Et plus j'y pense, plus je me dis que ce n'est pas une nouvelle République mais une nouvelle aire.

Comment images-tu qu'on pourrait avancer sur ce sujet ?
commentée par Freesbee Tétard déjanté (25 points) 27-Septembre
Merci

Comment faire avancer le sujet.... HÉ HÉ!!

Le mettre en défaut, et trouver la parade, jusqu’à ajustement suffisant pour le tester concrètement.

Je constate de plus en plus que l’Homme a cette fâcheuse tendance à vouloir se simplifier la vie, mais comme il le fait (ou le pense) à l’envers, ça lui la complique...

Le fameux « oh, c’est bon, ça va le faire! » (et 2h, 2 mois ou 20 ans après, on regrette de ne pas s’être cassé le c** avant...)

« À l’envers » car oui, l’Homme réfléchi à l’envers...
Plutôt que de se demander « qu’est-ce que je veux, et qu’est-ce que je dois faire pour y arriver »
il se dit « bon, y’a ça, y’a ça et puis ça, qu’est ce que je peux faire avec? (et si je peux m’en débarrasser... »

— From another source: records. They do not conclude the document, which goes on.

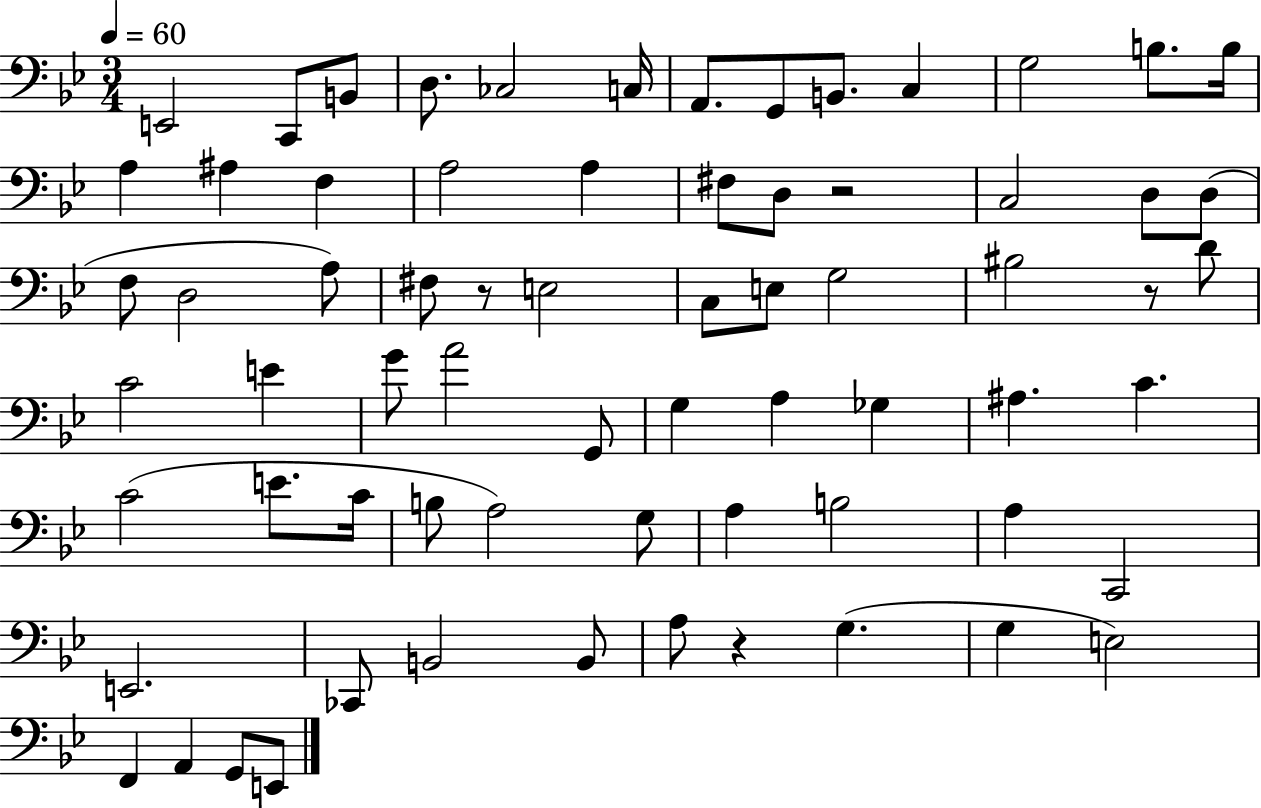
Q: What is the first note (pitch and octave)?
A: E2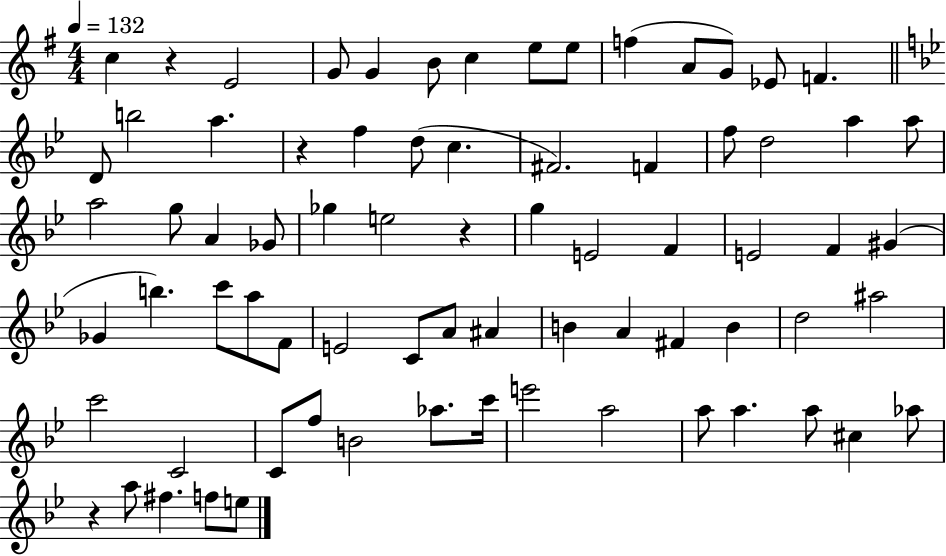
{
  \clef treble
  \numericTimeSignature
  \time 4/4
  \key g \major
  \tempo 4 = 132
  \repeat volta 2 { c''4 r4 e'2 | g'8 g'4 b'8 c''4 e''8 e''8 | f''4( a'8 g'8) ees'8 f'4. | \bar "||" \break \key bes \major d'8 b''2 a''4. | r4 f''4 d''8( c''4. | fis'2.) f'4 | f''8 d''2 a''4 a''8 | \break a''2 g''8 a'4 ges'8 | ges''4 e''2 r4 | g''4 e'2 f'4 | e'2 f'4 gis'4( | \break ges'4 b''4.) c'''8 a''8 f'8 | e'2 c'8 a'8 ais'4 | b'4 a'4 fis'4 b'4 | d''2 ais''2 | \break c'''2 c'2 | c'8 f''8 b'2 aes''8. c'''16 | e'''2 a''2 | a''8 a''4. a''8 cis''4 aes''8 | \break r4 a''8 fis''4. f''8 e''8 | } \bar "|."
}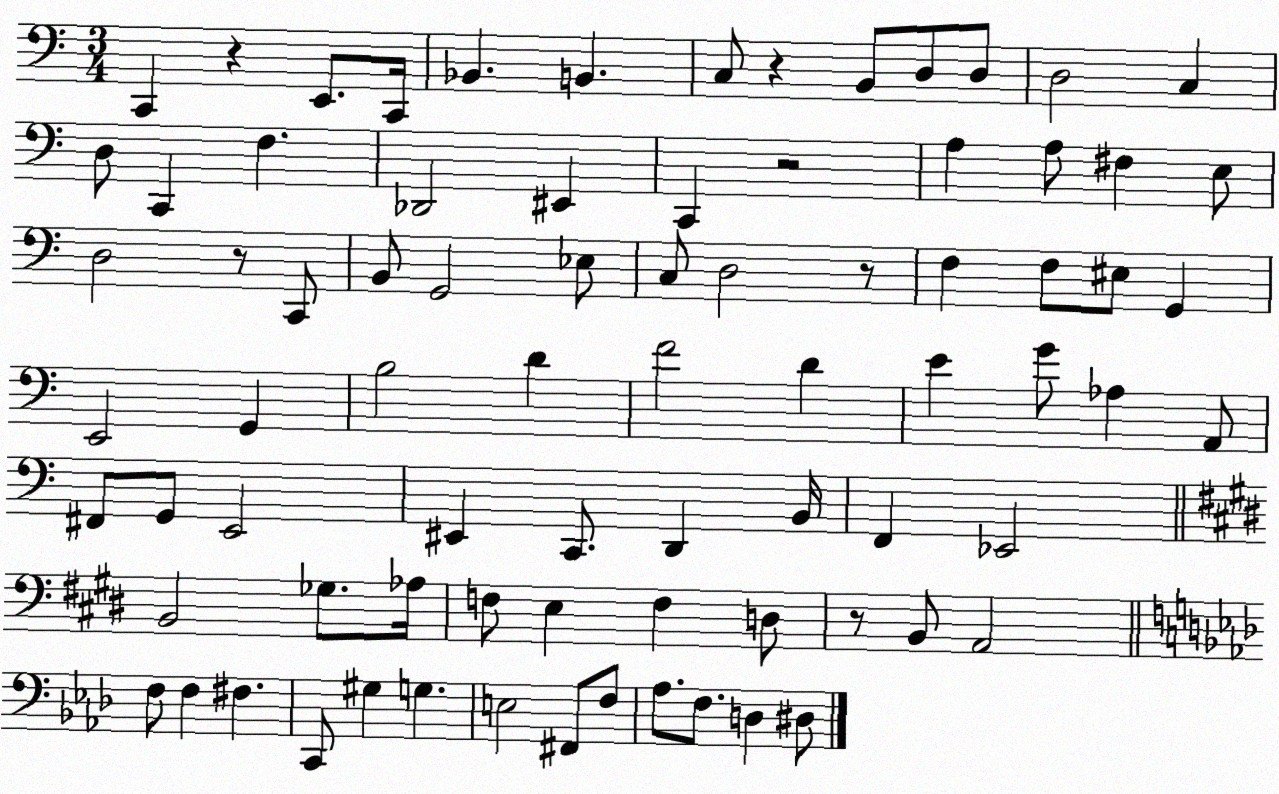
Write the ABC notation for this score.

X:1
T:Untitled
M:3/4
L:1/4
K:C
C,, z E,,/2 C,,/4 _B,, B,, C,/2 z B,,/2 D,/2 D,/2 D,2 C, D,/2 C,, F, _D,,2 ^E,, C,, z2 A, A,/2 ^F, E,/2 D,2 z/2 C,,/2 B,,/2 G,,2 _E,/2 C,/2 D,2 z/2 F, F,/2 ^E,/2 G,, E,,2 G,, B,2 D F2 D E G/2 _A, A,,/2 ^F,,/2 G,,/2 E,,2 ^E,, C,,/2 D,, B,,/4 F,, _E,,2 B,,2 _G,/2 _A,/4 F,/2 E, F, D,/2 z/2 B,,/2 A,,2 F,/2 F, ^F, C,,/2 ^G, G, E,2 ^F,,/2 F,/2 _A,/2 F,/2 D, ^D,/2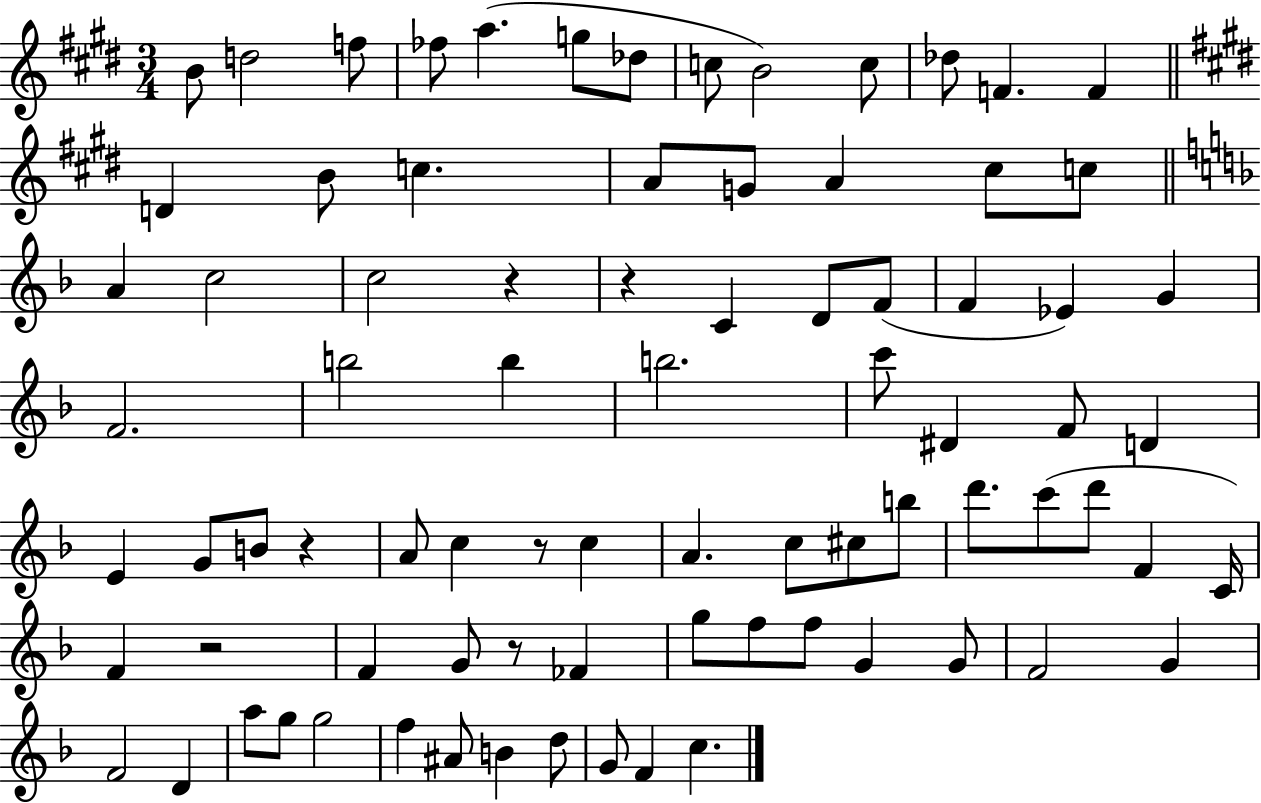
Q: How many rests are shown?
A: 6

Je pense qu’il faudrait déjà poser les souhaits communs et indiscutables.
Pour 1ère évidence: accès au 7 besoins Physiologiques pour tout le monde et gratuitement (et assuré, controlé, géré par « l’état »
2e évidence: Conséquences systématiques (et proportionnées) en cas de violation des lois fondamentales (peines constructives, accompagnées)...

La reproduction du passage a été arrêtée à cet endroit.